How to check: Tap the side of the tank. A healthy tank sounds hollow in the upper portion (air) and solid in the lower portion (water). A waterlogged tank sounds solid (full of water) all the way up. Confirm with the air pressure check described in the low pressure section above — if the Schrader valve releases water instead of air, the bladder has failed and the tank needs replacement.
Other causes of short cycling
Check for a stuck pressure switch
If the switch contacts are stuck closed (often from corrosion or pitting), the pump will run continuously regardless of actual pressure. Tap the switch gently — if the pump shuts off, the contacts are sticking and the switch needs replacement.
Check for a leak in the system
A continuously running pump with no faucets open almost always means water is escaping somewhere — a burst pipe, a running toilet, or an underground leak between the well and the house. Shut off the main valve to the house (leaving the pump-to-tank connection intact) — if the pump stops cycling, the leak is in the house plumbing; if it keeps running, the leak is between the well and the shutoff valve.
Do not let a pump run dry for extended periods
A pump running continuously without delivering water (lost prime, low well yield, or stuck switch with no actual water flow) can overheat and burn out the motor within hours. If you suspect this is happening, shut off power to the pump at the breaker until you've diagnosed the cause.
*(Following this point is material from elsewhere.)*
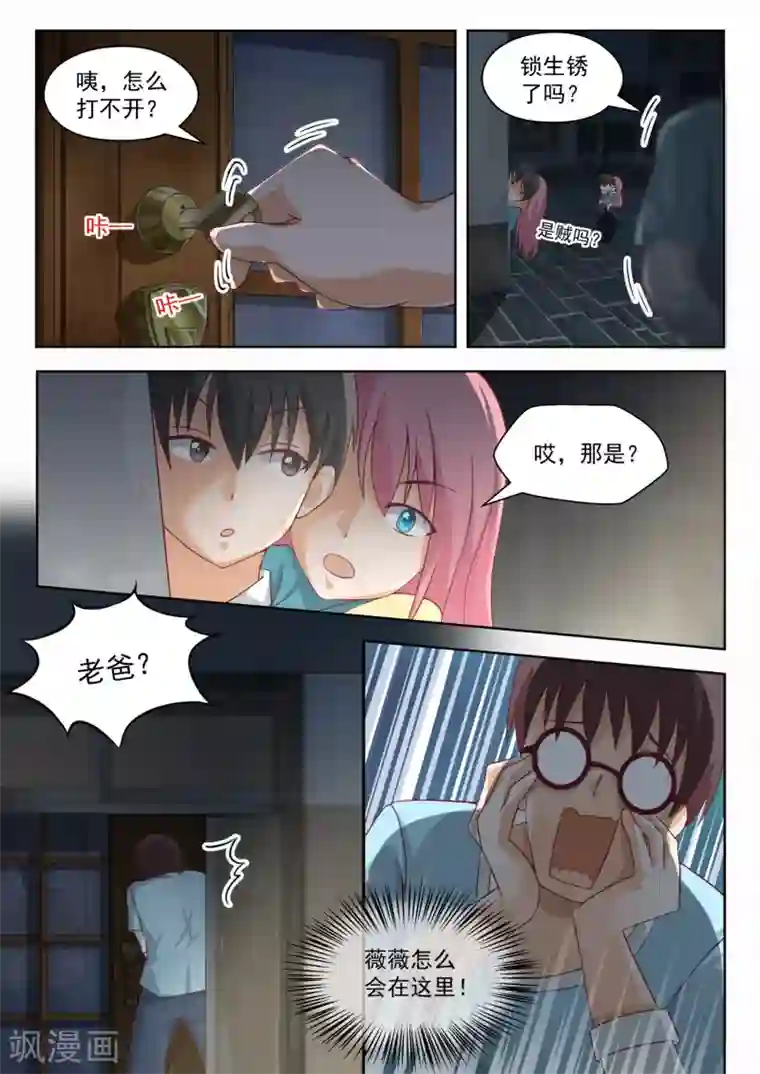 女子学院的男生第195话 先见爹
Lost prime (jet pumps and shallow wells)
Jet pumps (above-ground, used on shallow wells) need to be primed with water before they can draw from the well. If air gets into the system — from a leak, a dropped water table, or simply sitting unused — the pump will run but spin without moving water. Re-priming involves filling the pump housing with water through the priming plug before restarting; consult your specific pump model's manual for the exact procedure.
Failed check valve
The check valve prevents water from flowing back down into the well between pump cycles. If it fails, water drains back down after each cycle, the pump loses prime repeatedly, and you may notice the pump cycling more frequently than normal before eventually producing no water at all. Check valve replacement is a moderate DIY job for jet pump setups; for submersible systems, the check valve is often down in the well at the pump itself, requiring the pump to be pulled.
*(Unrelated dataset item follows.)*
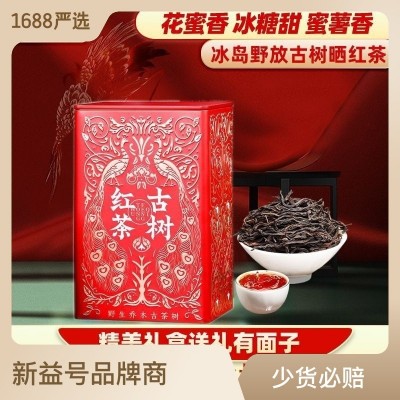 茶叶2023新茶滇红茶云南冰岛普洱野生古树红茶浓香型晒红 茶礼盒装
Worn impeller (submersible pumps)
Over years of operation, especially in water with sand or sediment, the pump's impeller can wear down and lose its ability to move water effectively even while the motor still runs. This is a pump-internal failure — the pump must be pulled and either rebuilt or replaced. This is the scenario where calling a professional well contractor is the right call rather than attempting it yourself.
Costs vary regionally and with well depth. Deep wells (200+ ft) cost significantly more for pump replacement due to longer drop pipe, more wire, and the equipment needed to pull and reinstall the pump. Get at least two quotes from licensed well contractors for any submersible pump work — pricing varies widely by region and contractor.
✓ Reasonable DIY projects
Pressure switch replacement, pressure tank replacement, checking and adjusting air charge, check valve replacement on jet pump (above-ground) systems, re-priming a jet pump, diagnosing electrical issues with a multimeter (with power safely shut off first).
✗ Call a licensed well contractor
Pulling a submersible pump from a drilled well casing, any work requiring specialized pulling equipment, well depth or yield assessment, well rehabilitation (acid treatment, jetting), and any work on the well casing or wellhead itself. Submersible pump wiring splices also require specific waterproof connectors and technique — a failed splice underwater is expensive to diagnose and fix.